4.                   Payments .  All payments, including optional prepayments, shall be applied first to the payment of accrued and unpaid interest and then to the reduction of principal.  Whenever any payment to be made under this Note shall be due on a Saturday, Sunday or any other day on which commercial banks in Las Vegas, Nevada, are authorized or required by law to close (any other day being a “ Business Day ”), such payment may be made on the next succeeding Business Day.  Payments shall be made in the lawful money of the United States of America, and shall be payable by wire transfer and in immediately available funds.

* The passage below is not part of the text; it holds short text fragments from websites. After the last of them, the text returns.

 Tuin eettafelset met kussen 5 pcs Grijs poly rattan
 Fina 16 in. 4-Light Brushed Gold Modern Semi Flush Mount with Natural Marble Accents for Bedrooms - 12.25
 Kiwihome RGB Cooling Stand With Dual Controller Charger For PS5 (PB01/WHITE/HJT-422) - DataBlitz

5.                   Subordination

(a)                 The indebtedness evidenced by this Note is and shall be subordinated in right of payment, to the extent and in the manner provided in this Section 5 , to the prior payment in full of all existing and future obligations of Maker or any of its affiliates in respect of indebtedness for borrowed money of any kind or nature (collectively, “ Senior Indebtedness ”).  The provisions of this Section 5 are made for the benefit of the holders of any Senior Indebtedness, each of which is made a beneficiary of this Section 5 and any one or more of which may enforce such provisions.

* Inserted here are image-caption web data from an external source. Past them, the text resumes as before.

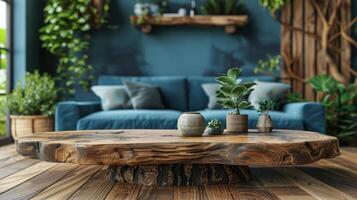 ai gerado uma vivo quarto com uma azul sofá e uma de madeira mesa foto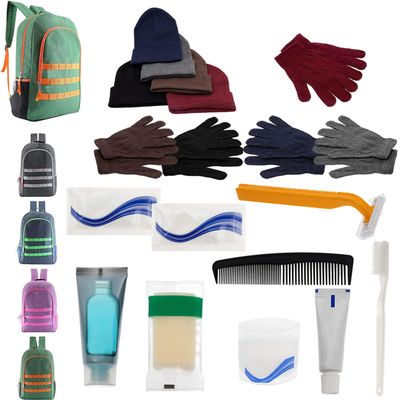 Bulk Case of 12 Backpacks, 12 Winter Item Sets, 12 Hygiene Supplies Kits - Bulk Supplies for Cold Weather, Emergencies, Homeless, Charity - Wholesale Unisex Winter Accessories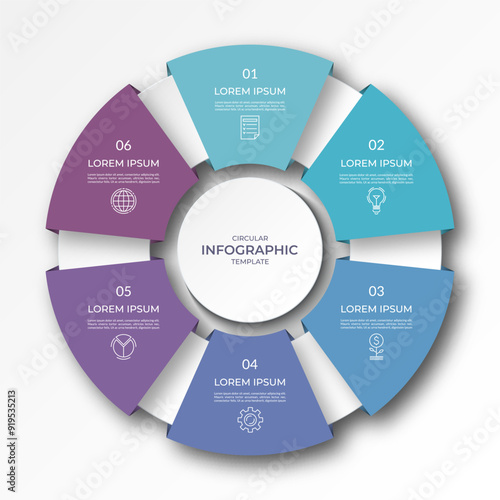 Infographic circular diagram with 6 options, parts. Six-step process chart with colorful segments, applicable for data visualization, presentation, business infographics.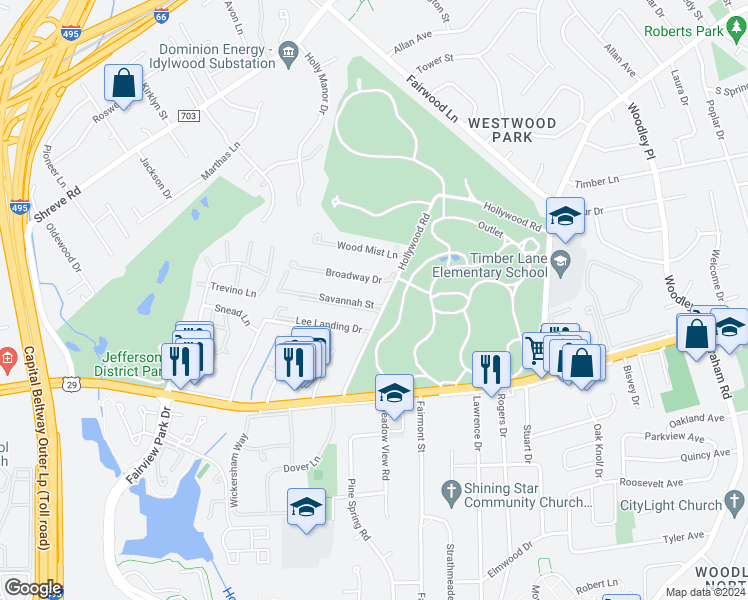 map of restaurants, bars, coffee shops, grocery stores, and more near 2756 Hollywood Road in Falls Church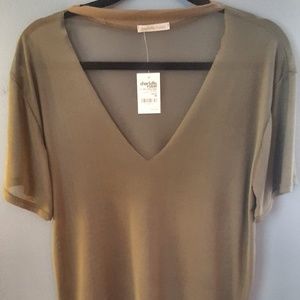 Charlotte Russe see through olive top
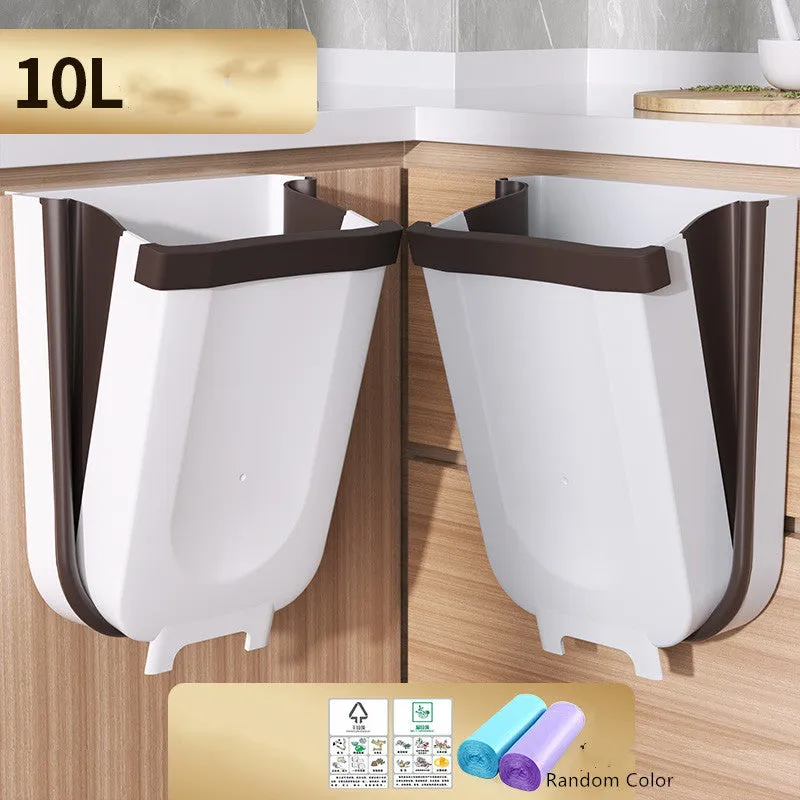 Household hanging folding trash can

(b)                Upon any distribution to creditors of the Maker in any bankruptcy, insolvency, liquidation or similar proceeding relating to the Maker or its property:

 

 


 

 

(i)                  holders of Senior Indebtedness shall be entitled to receive payment in full of all obligations due in respect of such Senior Indebtedness (including interest after the commencement of any such proceeding at the rate (if any) specified in the applicable Senior Indebtedness) before Aruze shall be entitled to receive any payment with respect to this Note; and

(ii)                until all obligations with respect to Senior Indebtedness (as provided in clause (i) above) are paid in full, any distribution to which Aruze would be entitled but for this Section 5 shall be made ratably to holders of Senior Indebtedness.

(c)                 Upon the occurrence and during the continuance of any “default” or “event of default” under any Senior Indebtedness (or combination thereof) with an original aggregate principal amount in excess of $25,000,000, Maker shall not make any payment, whether of interest, principal or otherwise, in respect of this Note.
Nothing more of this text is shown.